Try the military. The Air Force is not in the habit of misplacing jets, particularly jets loaded with bombs. With satellite tracking, radar, and AWACS, the Air Force can keep track of just about anything in the sky, and usually does. But recently, an A-10, for yet-unknown reasons, got away from them and at this writing still hadn’t been found, although search efforts concentrated on a rugged spot of terrain south of Edwards at the north end of the Sawatch Range. While the Air Force sees very occasional jets crashing from time to time, they don’t out-and-out lose them. This is a hell of a way to run a conspiracy.

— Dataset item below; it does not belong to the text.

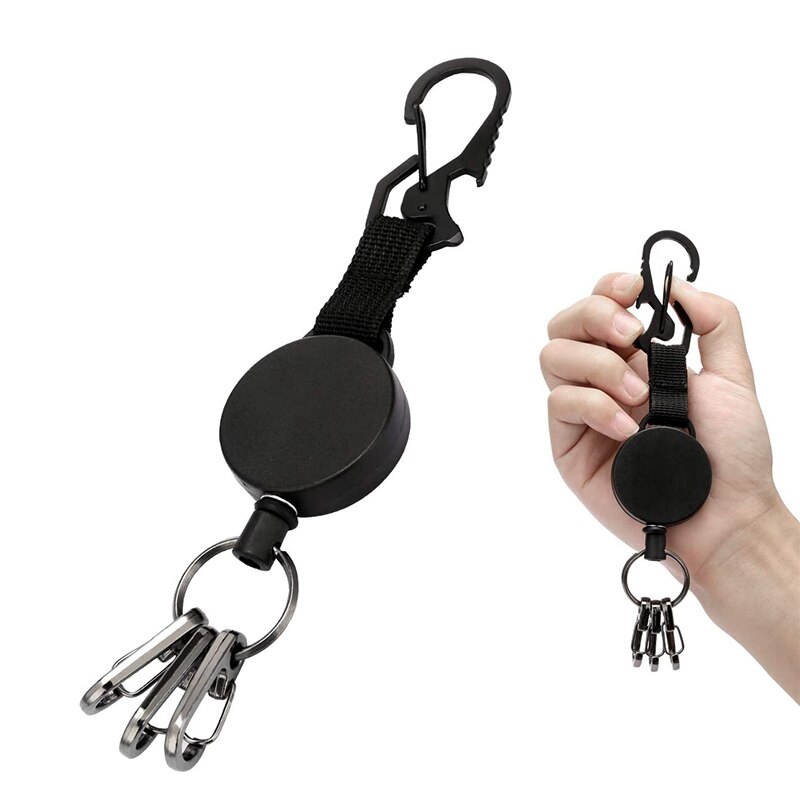 Retractable Key-Chain Badge Reel Key Holder Ring with Carabiner, Steel Cable, Keychain for Work, Janitor 2Pcs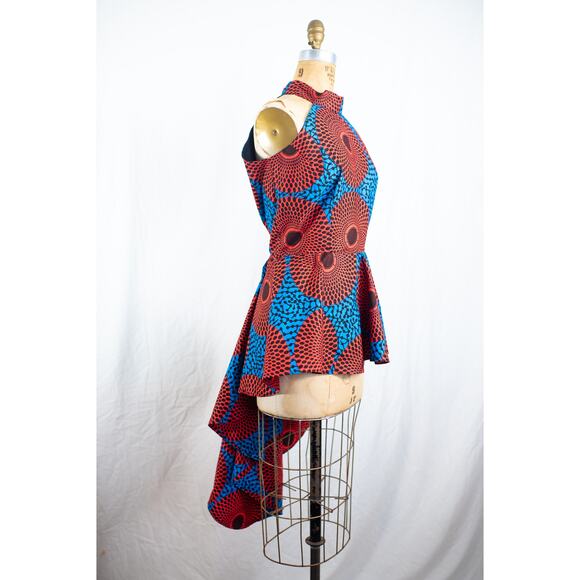 Lunik and Yan Dresses & Skirts - Colorful Boutique African Print Dress, High Low Skirt Fit and Flare Ankara, XL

Then there’s education. It’s not as some might suspect, a well-oiled conspiracy to turn little kids into liberal bleeding hearts. The educational establishment, as a whole, is filled with well-meaning but meeting-loving people. They’d rather schedule meetings and bring in experts and gripe about class size than just about anything else. Stacking up graduate credits in educational psychology, so as to extract raises from the local school board, does nothing to teach the kiddos. Teachers want to teach, but administrators make it damn tough on them. Most teachers spend more time filling out paperwork, so higher-ups have something to look at, than they do actually teaching the kids. This behavior is not what conspiracies are made of.
Then there’s the ever-favorite media conspiracy. This one I know doesn’t exist. This is an industry that ranges from weekly newspapers in itty-bitty towns to national networks. Like any business, keeping the bottom line in the black is the over-riding factor, particularly for publishers, radio station general managers and others who sign paychecks. For reporters and editors on the news side, producing the stories is what’s most important. Getting newspeople to agree on just about anything is nearly impossible. Go to any state press association convention and there will be a number of fights going on. The Society of Professional Journalists, which many reporters refuse to join on the principle that any organization could be regulated by the government at some point, took years to thrash out a code of ethics that many of its own members don’t agree with.
Conspiracies? Heck, most big agencies and industries are just too big and have too many different kinds of people in them to even think of plotting a conspiracy. Besides, the Peter Principle (that old maxim by Dr. L. J. Peter which formulates that in a hierarchy, every employee tends to rise to his level of incompetency, thereby insuring incompetent management) is just too overwhelming as a natural law to allow such a thing.
Ellen Miller is the Denver Post correspondent for the Western Slope.